YOUR ASSIGNMENT: Every entry in the data below needs to be repeated exactly.

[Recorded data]
┏━━

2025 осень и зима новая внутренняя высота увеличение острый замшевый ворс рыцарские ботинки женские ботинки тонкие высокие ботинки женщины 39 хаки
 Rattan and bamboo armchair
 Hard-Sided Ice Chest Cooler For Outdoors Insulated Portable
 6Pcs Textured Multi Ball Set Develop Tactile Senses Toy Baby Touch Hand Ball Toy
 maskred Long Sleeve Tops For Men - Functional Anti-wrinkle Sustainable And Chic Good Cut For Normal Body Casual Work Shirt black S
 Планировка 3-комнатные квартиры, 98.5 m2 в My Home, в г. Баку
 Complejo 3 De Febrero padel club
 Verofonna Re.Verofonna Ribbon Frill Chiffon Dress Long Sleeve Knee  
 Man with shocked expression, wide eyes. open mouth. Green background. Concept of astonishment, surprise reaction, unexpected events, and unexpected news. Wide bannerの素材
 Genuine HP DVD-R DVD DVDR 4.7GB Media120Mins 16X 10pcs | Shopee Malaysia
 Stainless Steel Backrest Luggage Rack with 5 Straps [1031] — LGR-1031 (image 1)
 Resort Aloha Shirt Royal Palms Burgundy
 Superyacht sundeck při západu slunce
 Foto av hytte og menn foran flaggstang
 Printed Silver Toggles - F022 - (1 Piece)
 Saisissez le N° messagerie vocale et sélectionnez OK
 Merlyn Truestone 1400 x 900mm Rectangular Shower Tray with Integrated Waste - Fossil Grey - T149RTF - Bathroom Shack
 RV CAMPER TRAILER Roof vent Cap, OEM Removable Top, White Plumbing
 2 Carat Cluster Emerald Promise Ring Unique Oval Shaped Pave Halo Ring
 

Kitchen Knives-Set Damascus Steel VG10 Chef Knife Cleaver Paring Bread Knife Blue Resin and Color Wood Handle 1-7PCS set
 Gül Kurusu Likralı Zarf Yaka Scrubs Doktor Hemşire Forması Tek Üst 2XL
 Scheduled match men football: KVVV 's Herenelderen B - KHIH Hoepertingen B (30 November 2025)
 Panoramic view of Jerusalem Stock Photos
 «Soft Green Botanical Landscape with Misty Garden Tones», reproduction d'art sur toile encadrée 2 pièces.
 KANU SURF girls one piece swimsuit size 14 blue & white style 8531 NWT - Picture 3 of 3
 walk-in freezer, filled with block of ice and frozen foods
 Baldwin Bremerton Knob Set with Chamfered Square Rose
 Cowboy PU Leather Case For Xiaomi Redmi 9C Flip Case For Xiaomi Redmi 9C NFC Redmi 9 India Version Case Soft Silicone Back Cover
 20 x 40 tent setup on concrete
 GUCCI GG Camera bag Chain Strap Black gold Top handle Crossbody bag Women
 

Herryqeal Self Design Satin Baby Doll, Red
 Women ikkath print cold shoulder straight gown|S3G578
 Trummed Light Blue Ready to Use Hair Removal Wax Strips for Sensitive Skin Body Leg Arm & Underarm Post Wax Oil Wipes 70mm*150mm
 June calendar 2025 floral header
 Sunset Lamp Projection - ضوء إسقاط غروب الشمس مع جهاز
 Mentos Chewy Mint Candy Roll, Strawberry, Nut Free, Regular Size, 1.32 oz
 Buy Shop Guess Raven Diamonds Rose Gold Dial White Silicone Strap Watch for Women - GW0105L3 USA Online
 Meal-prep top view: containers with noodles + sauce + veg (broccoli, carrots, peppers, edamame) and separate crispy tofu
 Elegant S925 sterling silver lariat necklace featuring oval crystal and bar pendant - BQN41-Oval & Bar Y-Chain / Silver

┗━━

RESPONSE TO THIS EXERCISE:
2025 осень и зима новая внутренняя высота увеличение острый замшевый ворс рыцарские ботинки женские ботинки тонкие высокие ботинки женщины 39 хаки
 Rattan and bamboo armchair
 Hard-Sided Ice Chest Cooler For Outdoors Insulated Portable
 6Pcs Textured Multi Ball Set Develop Tactile Senses Toy Baby Touch Hand Ball Toy
 maskred Long Sleeve Tops For Men - Functional Anti-wrinkle Sustainable And Chic Good Cut For Normal Body Casual Work Shirt black S
 Планировка 3-комнатные квартиры, 98.5 m2 в My Home, в г. Баку
 Complejo 3 De Febrero padel club
 Verofonna Re.Verofonna Ribbon Frill Chiffon Dress Long Sleeve Knee  
 Man with shocked expression, wide eyes. open mouth. Green background. Concept of astonishment, surprise reaction, unexpected events, and unexpected news. Wide bannerの素材
 Genuine HP DVD-R DVD DVDR 4.7GB Media120Mins 16X 10pcs | Shopee Malaysia
 Stainless Steel Backrest Luggage Rack with 5 Straps [1031] — LGR-1031 (image 1)
 Resort Aloha Shirt Royal Palms Burgundy
 Superyacht sundeck při západu slunce
 Foto av hytte og menn foran flaggstang
 Printed Silver Toggles - F022 - (1 Piece)
 Saisissez le N° messagerie vocale et sélectionnez OK
 Merlyn Truestone 1400 x 900mm Rectangular Shower Tray with Integrated Waste - Fossil Grey - T149RTF - Bathroom Shack
 RV CAMPER TRAILER Roof vent Cap, OEM Removable Top, White Plumbing
 2 Carat Cluster Emerald Promise Ring Unique Oval Shaped Pave Halo Ring
 

Kitchen Knives-Set Damascus Steel VG10 Chef Knife Cleaver Paring Bread Knife Blue Resin and Color Wood Handle 1-7PCS set
 Gül Kurusu Likralı Zarf Yaka Scrubs Doktor Hemşire Forması Tek Üst 2XL
 Scheduled match men football: KVVV 's Herenelderen B - KHIH Hoepertingen B (30 November 2025)
 Panoramic view of Jerusalem Stock Photos
 «Soft Green Botanical Landscape with Misty Garden Tones», reproduction d'art sur toile encadrée 2 pièces.
 KANU SURF girls one piece swimsuit size 14 blue & white style 8531 NWT - Picture 3 of 3
 walk-in freezer, filled with block of ice and frozen foods
 Baldwin Bremerton Knob Set with Chamfered Square Rose
 Cowboy PU Leather Case For Xiaomi Redmi 9C Flip Case For Xiaomi Redmi 9C NFC Redmi 9 India Version Case Soft Silicone Back Cover
 20 x 40 tent setup on concrete
 GUCCI GG Camera bag Chain Strap Black gold Top handle Crossbody bag Women
 

Herryqeal Self Design Satin Baby Doll, Red
 Women ikkath print cold shoulder straight gown|S3G578
 Trummed Light Blue Ready to Use Hair Removal Wax Strips for Sensitive Skin Body Leg Arm & Underarm Post Wax Oil Wipes 70mm*150mm
 June calendar 2025 floral header
 Sunset Lamp Projection - ضوء إسقاط غروب الشمس مع جهاز
 Mentos Chewy Mint Candy Roll, Strawberry, Nut Free, Regular Size, 1.32 oz
 Buy Shop Guess Raven Diamonds Rose Gold Dial White Silicone Strap Watch for Women - GW0105L3 USA Online
 Meal-prep top view: containers with noodles + sauce + veg (broccoli, carrots, peppers, edamame) and separate crispy tofu
 Elegant S925 sterling silver lariat necklace featuring oval crystal and bar pendant - BQN41-Oval & Bar Y-Chain / Silver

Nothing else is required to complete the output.